Yeah, so the vast majority came after. I mean, in this series in particular, the books are relatively standalone and they’re just building on what has gone before. But you’re absolutely right to say the stomatopods, the mantis shrimps, got a mention early on. And I’ve been sort of trying to work out how to fit them in. And at one point I think there was probably going to be a mantis shrimp character in one of the previous books, but I couldn’t find any real point for them to be there. And, you know, obviously if you’re introducing a whole extra species, you have to devote quite a lot of the book to explaining what they’re about. And so, yeah, they’ve just sort of been languishing on the sidelines until we came to this book where, A, I thought, well, if I’m going to do another one, I should just make that their book. And then, as often happens with my books, that’s half a book sort of sitting around, and then the other half with what the humans are doing and what, you know, Hartmann is doing on his sort of illicit terraforming spree is the other half.

[00:01:56.14] – Adrian Tchaikovsky

And because of the, the, because of the book’s themes, um, those two halves then thankfully complement each other quite nicely.

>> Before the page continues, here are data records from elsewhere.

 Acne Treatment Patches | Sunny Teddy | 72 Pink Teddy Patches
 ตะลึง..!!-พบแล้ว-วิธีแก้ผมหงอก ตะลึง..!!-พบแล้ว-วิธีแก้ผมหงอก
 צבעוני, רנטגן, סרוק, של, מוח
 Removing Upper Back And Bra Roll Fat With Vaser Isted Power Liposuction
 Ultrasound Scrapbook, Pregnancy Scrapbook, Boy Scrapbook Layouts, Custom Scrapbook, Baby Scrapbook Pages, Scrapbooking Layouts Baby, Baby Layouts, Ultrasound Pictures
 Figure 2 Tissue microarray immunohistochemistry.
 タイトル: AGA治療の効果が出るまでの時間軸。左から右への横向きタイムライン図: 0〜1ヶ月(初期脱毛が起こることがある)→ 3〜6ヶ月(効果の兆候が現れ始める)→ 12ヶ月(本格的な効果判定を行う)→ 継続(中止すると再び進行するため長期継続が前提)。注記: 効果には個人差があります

[00:02:08.09] – John Knych

Thank you. On to Brandon for the next question.

[00:02:12.24] – Brandon

Yeah, thank you so much for joining us today. We really appreciate that. So You mentioned the mantis shrimp. My question is, how do you come up with new species to uplift? And the mantis shrimp was the newest one. So why the mantis shrimp? And how do you go about choosing which new species to add for every book?

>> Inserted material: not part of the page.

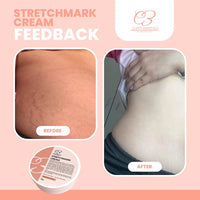 CLARITY ESSENTIALS STRETCHMARK REMOVER CREAM 50g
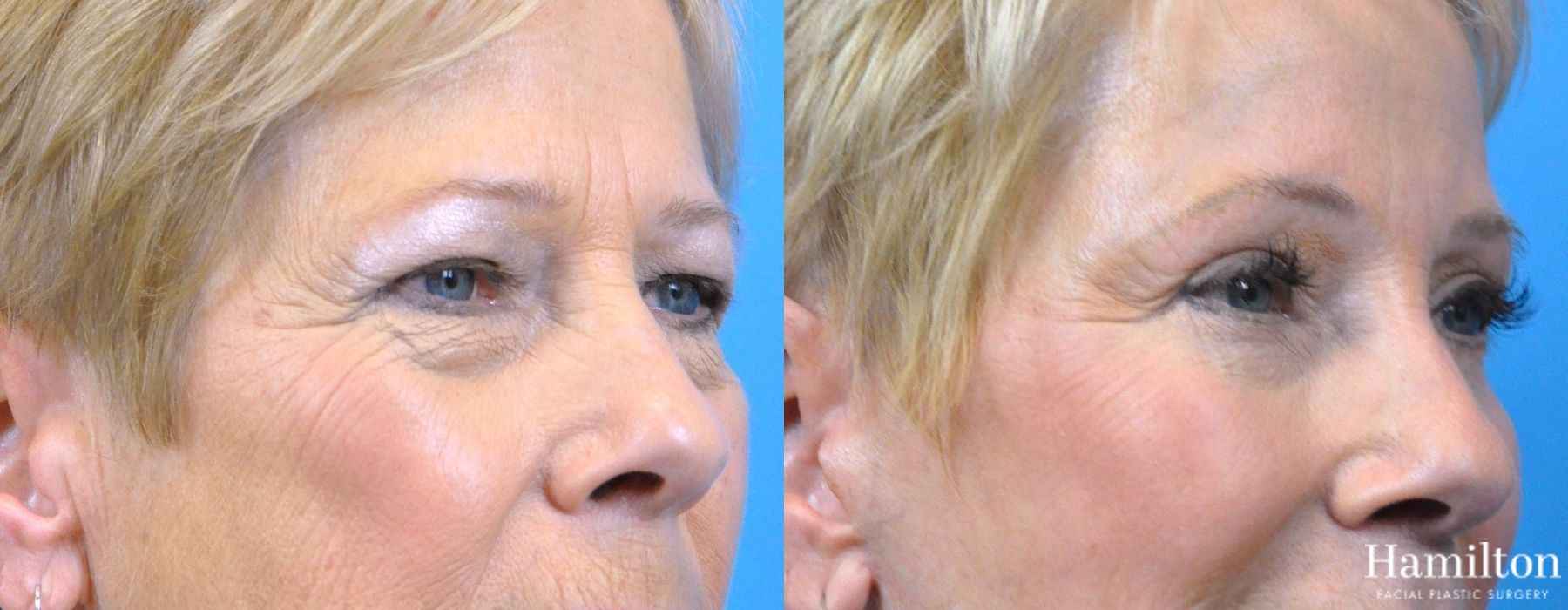 Before and after Blepharoplasty case 37088 - Angle 3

[00:02:37.20] – Adrian Tchaikovsky

So what I’m looking for in a species is something that is going to benefit from being made smart, which might sound a bit odd, but intelligence isn’t necessarily a benefit. It’s very resource intensive to make something intelligent. And, you know, if you just need sort of quick twitch reflexes to survive, then being, you know, spending an extra 5 seconds thinking about the philosophy behind that is not going to help you escape being eaten. And so, but there are certainly circumstances in which the smarter you are, the better you’re going to do. And one of the things we see with most of the creatures I’m dealing with is they’re kind of in the middle of the food chain. So they need a full suite of skills to predate on things and also a full suite of skills to avoid predation. And with the, with the Portia spiders, it’s actually frequently the same thing ’cause they’re often preying on things that will kill them very easily. There’s also a social aspect which didn’t come up with the octopuses or the porcids particularly because they’re not naturally social species. But mantis shrimp, whilst kind of solitary, they live in very closely packed environments and they’re very, very capable of killing conspecifics.

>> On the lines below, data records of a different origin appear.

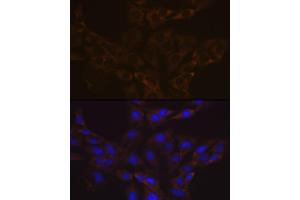 Immunofluorescence analysis of C6 cells using V Rabbit mAb (ABIN7271312) at dilution of 1:100 (40x lens).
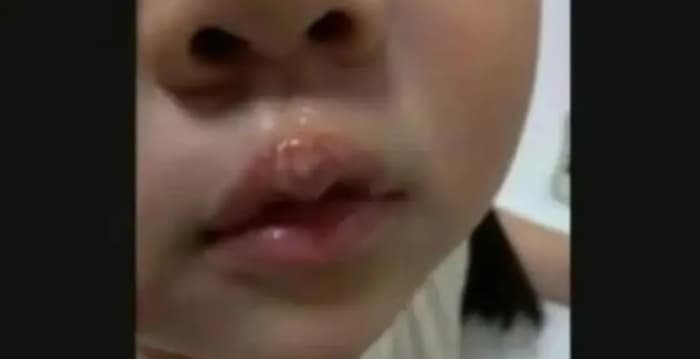 江苏徐州幼童被曝遭教师用热熔胶烫嘴
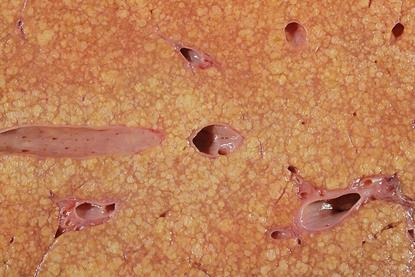 Cirrhosis_liver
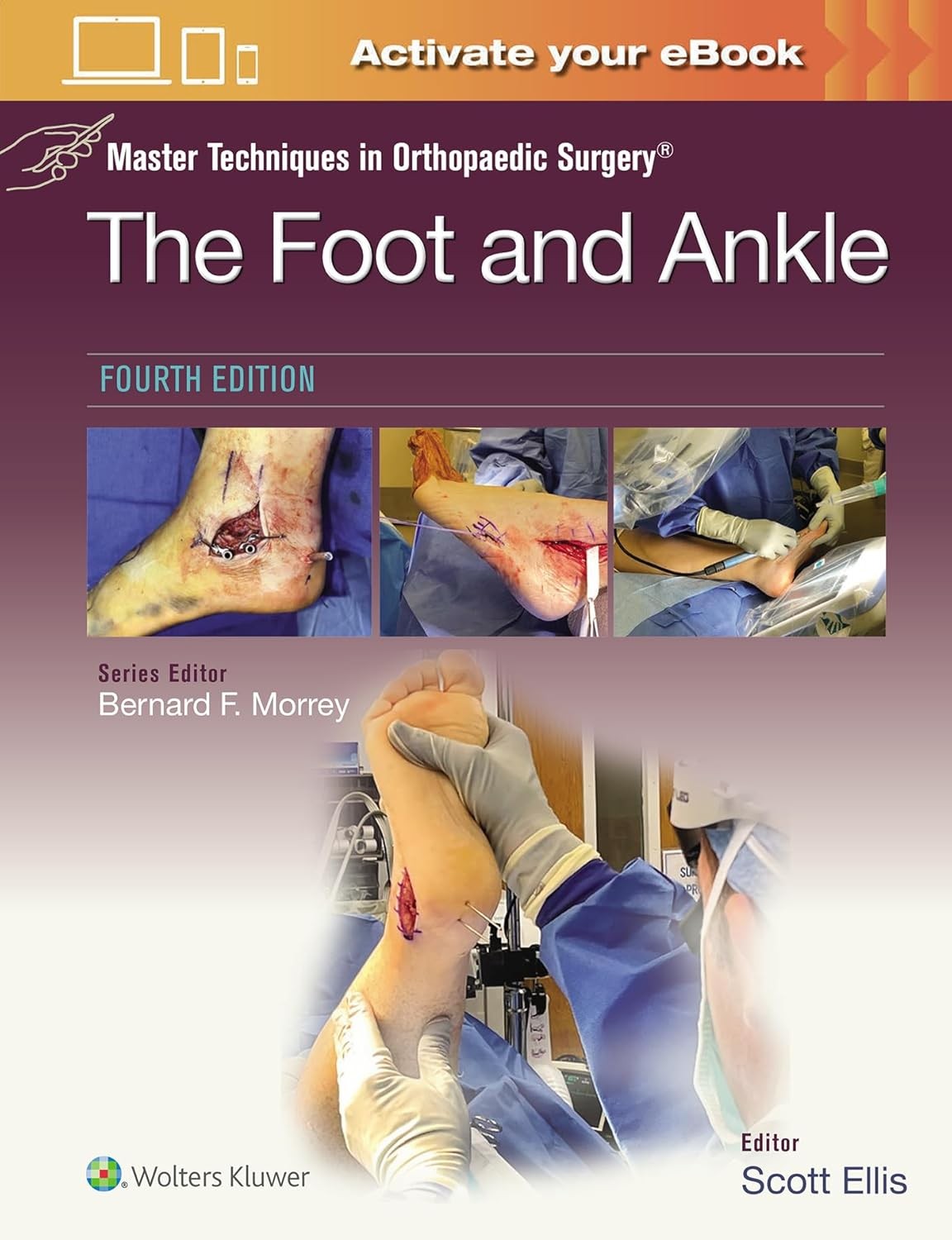 Master Techniques in Orthopaedic Surgery: The Foot and Ankle, 4th Edition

[00:03:55.17] – Adrian Tchaikovsky

So you have something there where the better they are at handling their own species on a social level, the better, the more successful they’re going to be, which is an enormous driver of intelligence. And so, I mean, one of the things you see in Children of Time is the nanovirus just hits everything, but only certain things really get that evolutionary boost because those are the things that benefit from being smarter. So you meet a tarantula, I think, quite early on in Children of Time. And it’s mentioned that, you know, this has also become basically bigger from the nanovirus, but it hasn’t really got much smarter ’cause being smarter doesn’t particularly benefit it. In the same way that it does for the porsheds. So that’s what I’m looking for. I mean, one of the things Peter Godfrey-Smith, who wrote the octopus book I used as a lot of my research for Children of Ruin, wrote another book called Metazoa in which he mentions mantis shrimps. And I got from that that they were much more cognitively complex than I was aware of. And then because I was aware of them as just generally cool creatures with a lot of fun capabilities, I decided, right, I’m going to do the research.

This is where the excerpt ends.